Task directions ->
Would you filter the listing below so that only lines with the word "Pink" remain?

───── Source data ─────

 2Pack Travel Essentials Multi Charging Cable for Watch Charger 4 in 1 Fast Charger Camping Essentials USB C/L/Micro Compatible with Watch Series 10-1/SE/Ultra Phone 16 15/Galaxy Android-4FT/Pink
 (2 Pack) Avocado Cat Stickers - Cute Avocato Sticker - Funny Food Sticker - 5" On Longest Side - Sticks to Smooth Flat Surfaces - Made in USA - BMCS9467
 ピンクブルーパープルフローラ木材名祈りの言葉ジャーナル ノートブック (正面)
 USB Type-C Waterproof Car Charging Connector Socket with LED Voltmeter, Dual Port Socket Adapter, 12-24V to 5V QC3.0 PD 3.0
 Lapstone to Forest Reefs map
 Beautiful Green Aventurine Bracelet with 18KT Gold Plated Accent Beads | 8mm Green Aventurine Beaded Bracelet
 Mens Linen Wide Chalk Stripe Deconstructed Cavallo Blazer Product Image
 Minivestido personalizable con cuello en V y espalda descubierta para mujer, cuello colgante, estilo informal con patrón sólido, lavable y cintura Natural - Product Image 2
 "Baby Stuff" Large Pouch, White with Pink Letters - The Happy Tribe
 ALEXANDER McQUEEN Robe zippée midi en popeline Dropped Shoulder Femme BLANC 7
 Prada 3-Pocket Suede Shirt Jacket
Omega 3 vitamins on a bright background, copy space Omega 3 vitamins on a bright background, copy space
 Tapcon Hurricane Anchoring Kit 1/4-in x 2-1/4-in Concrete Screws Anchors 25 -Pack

─────

Response to this task ->
 2Pack Travel Essentials Multi Charging Cable for Watch Charger 4 in 1 Fast Charger Camping Essentials USB C/L/Micro Compatible with Watch Series 10-1/SE/Ultra Phone 16 15/Galaxy Android-4FT/Pink
 "Baby Stuff" Large Pouch, White with Pink Letters - The Happy Tribe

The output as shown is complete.